「若手研究者育成縮減の影響調査及び反対署名」について


東京大学理学部物理学科の4年生有志が、事業仕分けの結果を受けて、アンケート調査・署名活動を自主的に展開し、12月18日に予算縮減の見直しを求める「若手研究者育成資金縮減の影響調査及び反対署名」を発表しました。
以下は、これに対する山形俊男理学部長と松本洋一郎理事・副学長のコメントです。
学生諸君のアンケート調査、署名活動を受けて
<山形理学部長コメント>
私たち東京大学理学部・理学系研究科では、12月3日に声明「次世代を担う若手研究者支援の充実を望む」を公表するなど、平成22年度予算編成に向け、声を上げてまいりました。このたび、理学部物理学科4年生有志が中心となって行った「若手研究者育成資金縮減の影響調査及び反対署名」のとりまとめ結果に接し、私たちの危惧したとおり、事業仕分けに基づく予算削減の可能性に学生・ポスドクの人たちが大きな不安を抱いていることが明らかになりました。日々、真摯に研究に邁進し、国の研究開発を支えている若手が切り捨てられることのないよう、適切な予算措置が講じられることの必要性を改めて痛感した次第です。

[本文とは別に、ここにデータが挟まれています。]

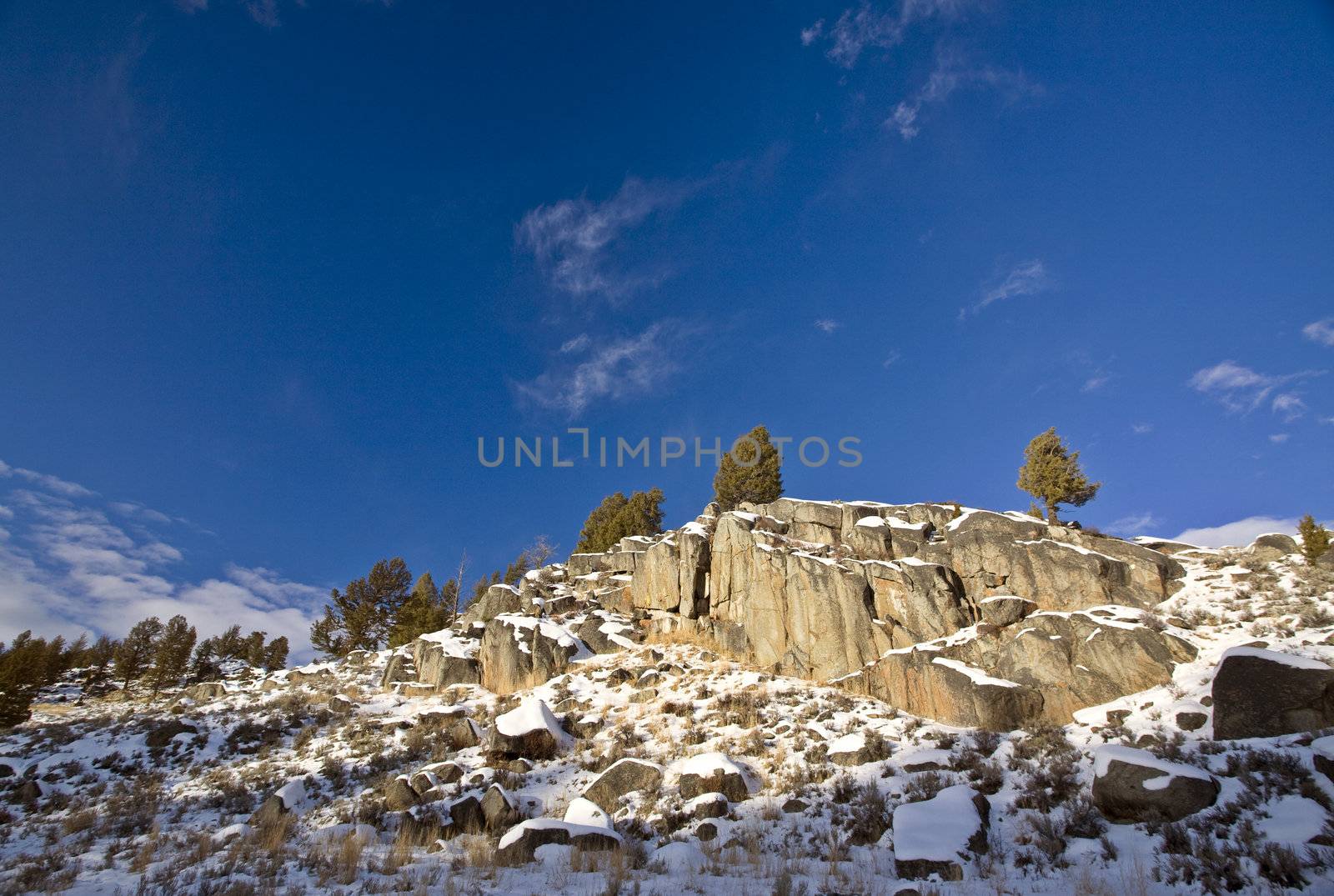 Yellowstone Park Wyoming Winter Snow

署名では、「事業仕分けによる科学・技術予算削減、特に、若手研究者育成システムの予算削減・廃止」に反対する声が4千名近くに達することが示されています。また、アンケートの結果、特別研究員制度が無くなったと仮定した場合、学生の8割余りが、研究者になることを諦めたり、海外への留学を考えたりすると回答しています。これは我が国の科学・技術の基盤の崩壊につながると言っても過言ではないでしょう。
我が国を担う有為な若人の悲鳴にも近い声が、政府関係者に届き、事業仕分けによって示された方針が見直されるよう、大学本部と連携をとりながら、私たちも力を尽くしていきたいと考えています。これを機に、「大学院生・ポスドクへの国の支援は不必要な雇用対策である」といった間違った認識が正されることを願って止みません。
<松本理事・副学長コメント>
学生諸君のアンケート調査、署名活動の結果についての報告を受けました。若手研究者育成のため、東京大学全体として各界の理解を求めていかねばならないとの思いをさらに強くいたしました。
若手研究者育成に関わる予算措置の意義・重要性については、東京大学の関わる様々な声明、アピールの中でも触れられてきたところです。私自身も、11の研究大学の研究担当理事・副学長の一人として、去る12月15日、共同声明「大学の研究基盤の強化と未来を拓く若手研究者の育成のために」を公にし、科学研究費補助金の拡充の必要性などを訴えました。
政府の間では、スーパーコンピューターなど一部の事業について、仕分け結果の見直しが行われつつある模様ですが、若手研究者育成については、未だ明確な転換がなされておりません。学生諸君の願いをしっかりと受け止め、今後とも、様々な場や機会を通じ、粘り強く訴えていきたいと考えています。
今回、学生諸君が連帯して声を上げたことそのものが、民主主義の担い手としての貴重な体験になったものと思います。引き続き、学生諸君が広く社会に目を向け、課題解決のために考え、自ら行動して欲しいと願っています。